Ben Lerner's Big Feelings

(vulture.com)

32 points | by prismatic 4 days ago

5 comments

  • MrOrelliOReilly 4 hours ago
    I am a huge fan of Ben Lerner and have a copy of “Transcription” at home, waiting to be read. Autofiction is in many ways _the_ dominant mode of contemporary American literature, particularly among the literati of NYC/London (cf. Ocean Vuong, Tao Lin, Patricia Lockwood, etc., etc.). It can, for this reason, feel overdone and out of touch. But Lerner comes to the topic with such skill and intelligence, he really defines the genre for me, in a positive light.
    • ale 2 hours ago
      Agreed. Lerner has an unique way of digging into solipsism that's truly genuine and comical (whereas I feel Knausgård and most of the autofiction crowd's stuff comes across as glorified navel-gazing). It's no wonder he's been compared to Foster Wallace in that regard, who also wrote about deeply human struggles yet still is dismissed as a lit-bro pseudointellectual.
  • Popeyes 4 hours ago
    " But before the interview, the narrator drops his phone in water. Unable to explain to Thomas he has no way to record their conversation, the narrator pretends his broken phone is working — and the interview commences."

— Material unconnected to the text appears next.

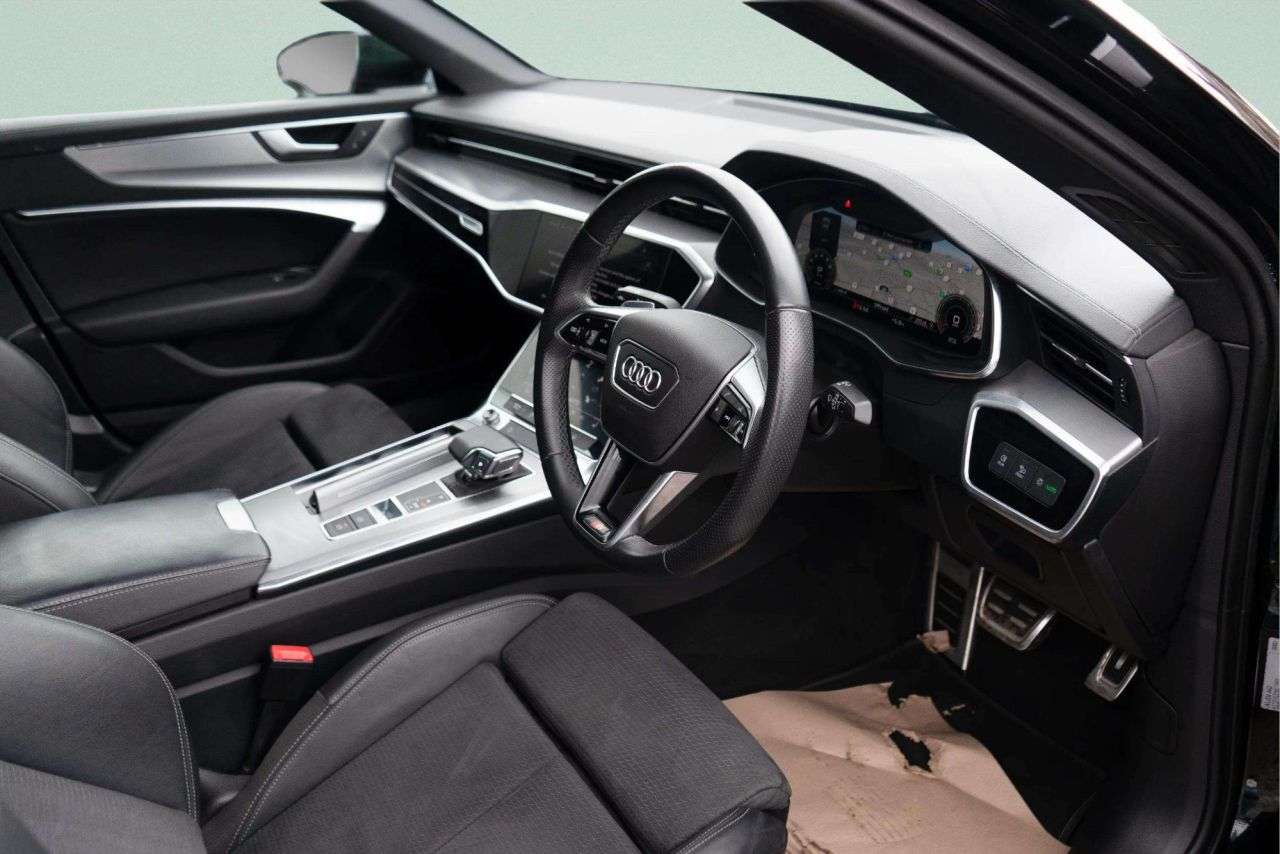 A 2022 AUDI A6 SALOON 2.0 TFSI 40 S line Saloon 4dr Petrol S Tronic Euro 6 (s/s) (204 ps) RED CAL A 2022 AUDI A6 SALOON 2.0 TFSI 40 S line Saloon 4dr Petrol S Tronic Euro 6 (s/s) (204 ps) RED CAL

    Phone companies really need to start advertising the fact that their phones are water resistant and can survive a quick dunk in the water.

    • d--b 1 hour ago
      My iPhone 12 begs to differ.
    • boomskats 1 hour ago
      The ghost of my 3-day-old Zinwa Q25 has entered the chat.
  • Se_ba 1 hour ago
    Writers keep rediscovering that editing shapes truth. Journalism figured this out a century ago.
  • barishnamazov 4 hours ago
  • paganel 2 hours ago
    > , and Lerner ordered, for the both of us, a glass of “something dry and cold.” For lunch, he requested the chicken: a roasted baby chicken from a farm upstate, to be exact, an order that, in its comically artisanal specificity,

    Stuff like this is so upper-middle class (or aspirational upper-middle class, which is the same thing) coded that it hurts, somehow I thought we left all that behind in the pre-Covid era, looks like I was wrong. Imo it all started with the Lunch with the FT (again, see the upper-middle class larp-ing) gonzos, and it went downhill from there.

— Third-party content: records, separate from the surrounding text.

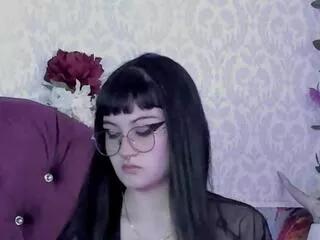 Offline violet_lyon on Flirt4Free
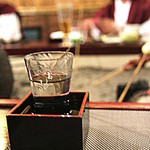 本家伴久 - 獺祭 磨き二割三分純米大吟醸は升に入れたグラスで堪能しました(2015.Nov)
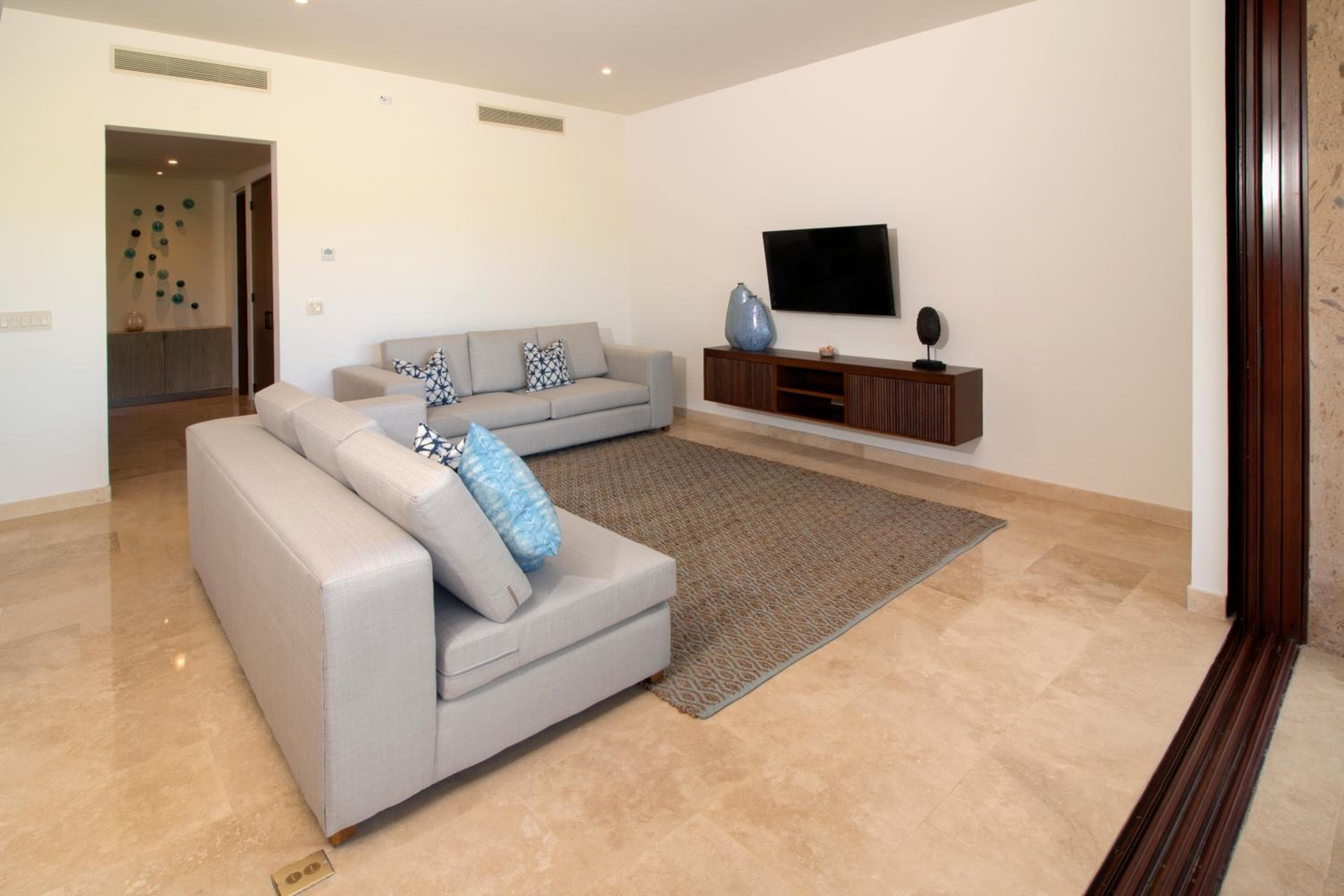 Bohari Palmilla — 22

    • keiferski 1 hour ago
      Lunch with the FT is probably my favorite section of the paper, if only because it adds a little more context and physicality to the interview. I am doubtful that people are reading it purely for aspirational restaurant name-dropping, but that’s just me.
    • krelian 1 hour ago
      What's wrong with it?
      • Jtarii 1 hour ago
        It's weird enough to feel performative but not weird enough to be interesting.
      • paganel 1 hour ago
        The tone, for one thing. Normal people don't care about "il Buco" nor about what some nobody has eaten while recounting things, articles like this one should solely focus on the "recounting things" part, not on the eating and name-dropping part.

        Now, I get it that for the Anglos normal food might as well have been a thing given to us by the Gods up there in the sky, but, as I was saying, this should have been a thing of the past now, cooked fish is just cooked fish, cooked pasta is just cooked pasta, we don't care about that shit, get to the point of the article.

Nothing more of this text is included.